Continuaron llegando hasta la construcción de la Gran Venezuela, muy penetrada ya por maquinarias partidistas a las que esos inmigrantes rezagados no pertenecían. Tampoco se dejaron arrastrar por el despropósito de buena parte de esa masa escotera que arribaba dispuesta a lo que fuera, por lo que se negaron a asumir, en un gesto heredero de su digna laboriosidad provinciana, la buhonería procaz que ya invadía las aceras y los espacios públicos de las metrópolis venezolanas. Por aquellos años en que la democracia de Punto Fijo dejaba ver ya fisuras y descontroles, recuerdo que mis tías profesoras sentenciaban, desde las butacas danesas de su nueva quinta en la Alta Florida, que Caracas no podía “absorber tanto palurdo”; cuando yo les preguntaba, entre inocente y deseoso de ver su arrogancia capitalina, si no olvidaban que, treinta años atrás, ellas mismas habían migrado desde Cumaná en las postrimerías del gomecismo, me replicaban que las Almandoz Ramos, como su tío Ramos Sucre, habían venido a formarse y trabajar, no a vender “pacotilla en las aceras”.

Sin saber ellas que compartían la lógica de los teóricos del desarrollo, quienes todavía por los setenta consideraban a Venezuela un developing country, la respuesta de mis tías sobre la inmigración coincidía, en el fondo, con el arrojo de algunos de esos inmigrantes tardíos que se negaron a la buhonería y al subempleo; para ellos, aunque fueran poco capacitados, los que se avecinaban en las ciudades debían asumir tareas que, sin importar lo modestas, fueran necesarias y productivas, y no una carga para la burocracia o un aumento para el ya entonces llamado, con cierto eufemismo, sector informal. Así, en esta legión de pequeños pero necesarios jornaleros se contaron los que prestaban servicios públicos diversos en el trajín de las calles, desde los conductores de transporte público hasta los recolectores de basura; o los que atendían servicios domésticos puertas adentro de las viviendas, desde los plomeros y albañiles, hasta los ebanistas y jardineros. Tanto en las novelas de Meneses, donde todavía descubrían con sentido aventurero la Caracas de neones y nocturnidad, como en la progenie literaria de Salvador Garmendia, donde trabajosamente van hallando su lugar en las rutinas urbanas, ambos tipos de personajes aparecieron desde temprano en nuestra narrativa. Y ambos llegarían poco después a casa de mi familia.

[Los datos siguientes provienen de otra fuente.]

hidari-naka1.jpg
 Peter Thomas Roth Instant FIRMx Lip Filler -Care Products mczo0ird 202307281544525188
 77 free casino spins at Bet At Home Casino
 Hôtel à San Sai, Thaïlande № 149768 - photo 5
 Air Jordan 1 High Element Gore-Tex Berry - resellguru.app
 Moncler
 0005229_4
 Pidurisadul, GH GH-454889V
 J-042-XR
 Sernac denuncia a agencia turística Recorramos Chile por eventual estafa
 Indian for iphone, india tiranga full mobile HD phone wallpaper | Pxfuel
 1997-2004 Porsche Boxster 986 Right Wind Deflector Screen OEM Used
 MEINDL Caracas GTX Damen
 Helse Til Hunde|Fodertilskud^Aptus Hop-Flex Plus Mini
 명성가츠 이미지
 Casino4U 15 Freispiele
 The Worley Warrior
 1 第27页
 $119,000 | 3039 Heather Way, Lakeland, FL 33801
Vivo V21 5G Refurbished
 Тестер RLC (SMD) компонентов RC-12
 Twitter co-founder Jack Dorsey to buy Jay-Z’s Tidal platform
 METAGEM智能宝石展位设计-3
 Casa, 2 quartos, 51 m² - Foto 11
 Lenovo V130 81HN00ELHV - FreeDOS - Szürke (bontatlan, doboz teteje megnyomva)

2. Creo que como derivación que ella hiciera de los tradicionales marchantes de las céntricas parroquias donde viviera de señorita, el distribuidor de Vengas que por años llevara las bombonas a nuestra quinta de San Bernardino, fue bautizado por mamá como el “marchante del gas”. Por mucho tiempo no me fijé en él, como tampoco en tantos otros personajes y cosas de la domesticidad, que como después supe, son profundamente ricos y aleccionadores. Pero comencé a toparme su camión frente al garaje de la quinta, adonde acudía prontamente, al ser llamado para remplazar los cilindros vacíos; era un carromato desvencijado, que había tenido acaso mejores tiempos en las carreteras interioranas, cuando el marchante Juvenal distribuía allende la capital. En Caracas trajinaba a diario desde Catia y El Cementerio, donde vivía, hasta las modestas urbanizaciones y parroquias del centro y del oeste, desde San Bernardino y San José, hasta El Valle y Coche. Sabía que su camión lucía demasiado viejo para las lujosas urbanizaciones del este, donde había mucha garita y vigilantes antipáticos, como una vez me comentó el marchante Juvenal.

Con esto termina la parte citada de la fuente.